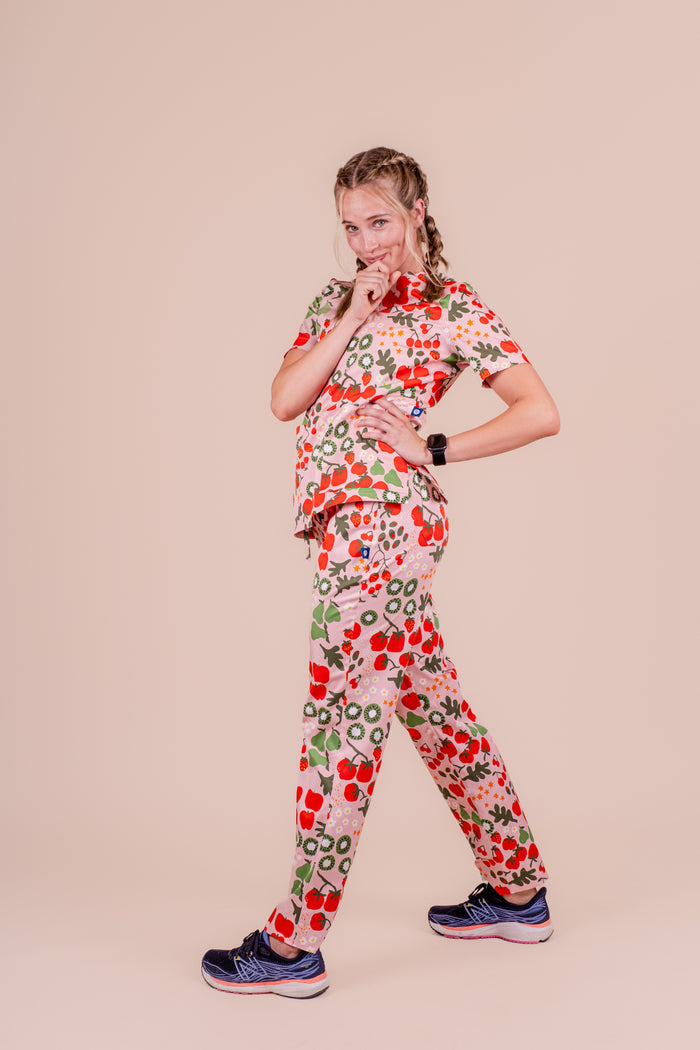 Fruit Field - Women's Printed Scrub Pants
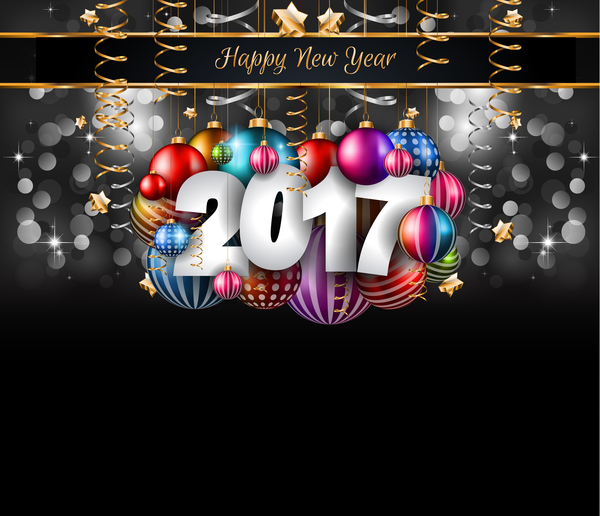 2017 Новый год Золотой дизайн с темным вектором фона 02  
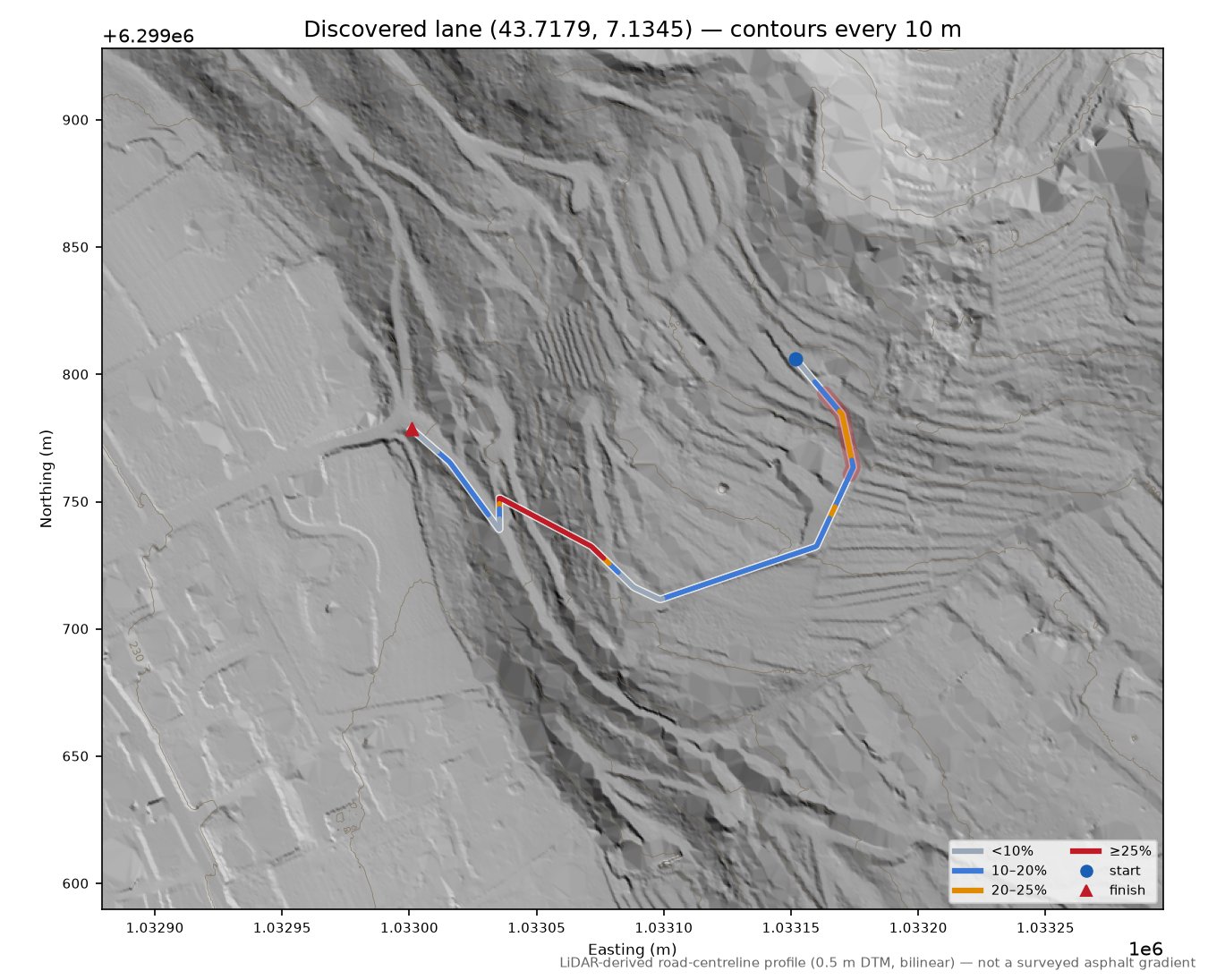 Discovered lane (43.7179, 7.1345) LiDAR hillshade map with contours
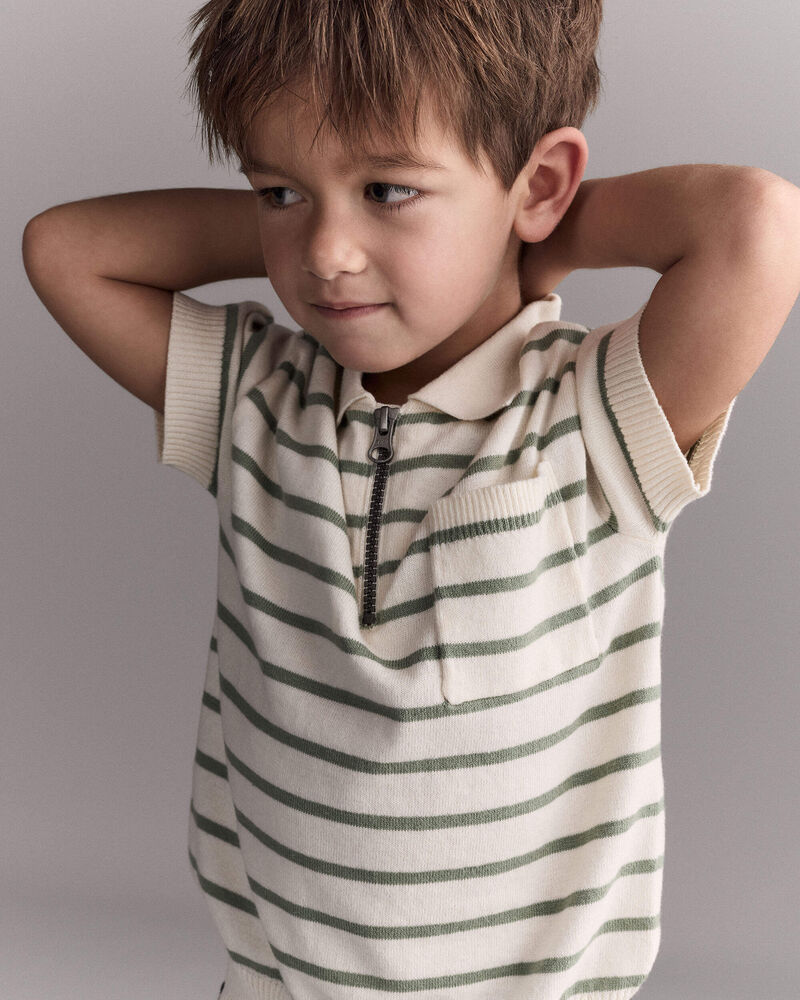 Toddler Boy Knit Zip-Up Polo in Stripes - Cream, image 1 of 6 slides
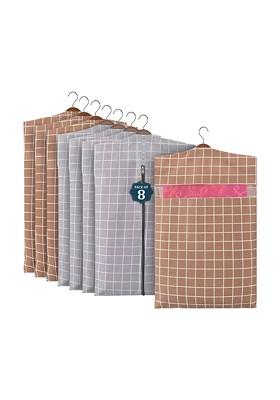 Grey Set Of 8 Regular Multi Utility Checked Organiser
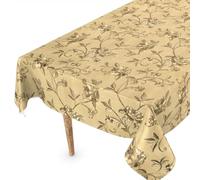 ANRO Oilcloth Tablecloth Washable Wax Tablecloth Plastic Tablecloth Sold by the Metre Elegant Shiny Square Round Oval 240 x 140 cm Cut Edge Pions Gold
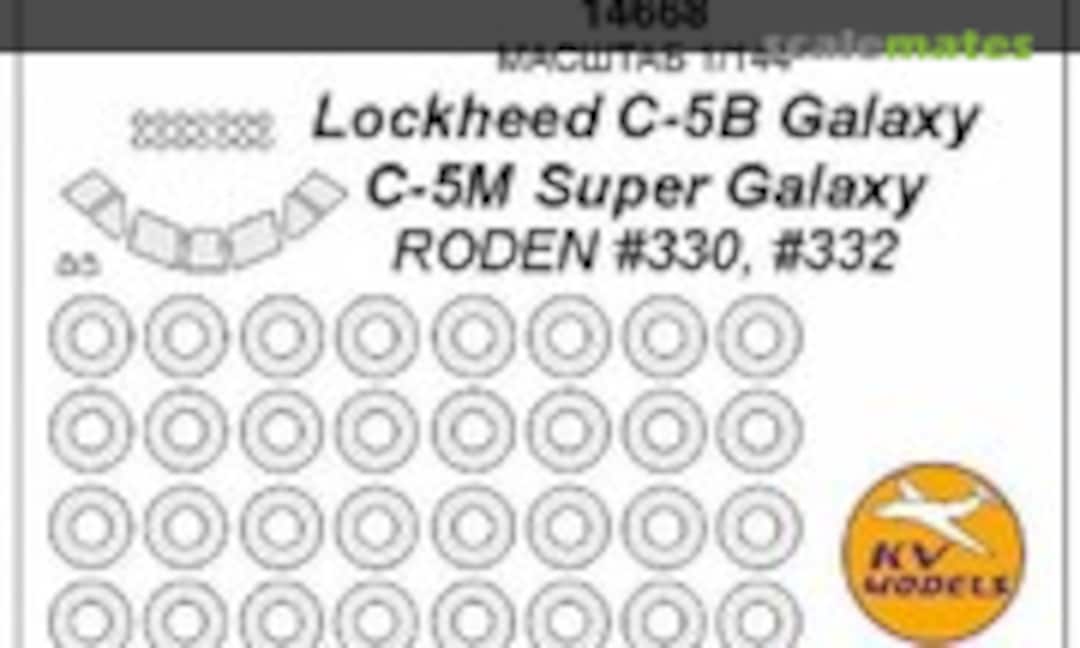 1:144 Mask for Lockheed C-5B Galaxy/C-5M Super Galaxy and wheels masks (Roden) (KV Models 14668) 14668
■ ■ ■ ■ ■ ■ ■
- [What is being asked]: From start to finish, output the listing exactly, but omit its pictures.

- [Exercise solution]:
 Fruit Field - Women's Printed Scrub Pants
 2017 Новый год Золотой дизайн с темным вектором фона 02  
 Discovered lane (43.7179, 7.1345) LiDAR hillshade map with contours
 Toddler Boy Knit Zip-Up Polo in Stripes - Cream, image 1 of 6 slides
 Grey Set Of 8 Regular Multi Utility Checked Organiser
 ANRO Oilcloth Tablecloth Washable Wax Tablecloth Plastic Tablecloth Sold by the Metre Elegant Shiny Square Round Oval 240 x 140 cm Cut Edge Pions Gold
 1:144 Mask for Lockheed C-5B Galaxy/C-5M Super Galaxy and wheels masks (Roden) (KV Models 14668) 14668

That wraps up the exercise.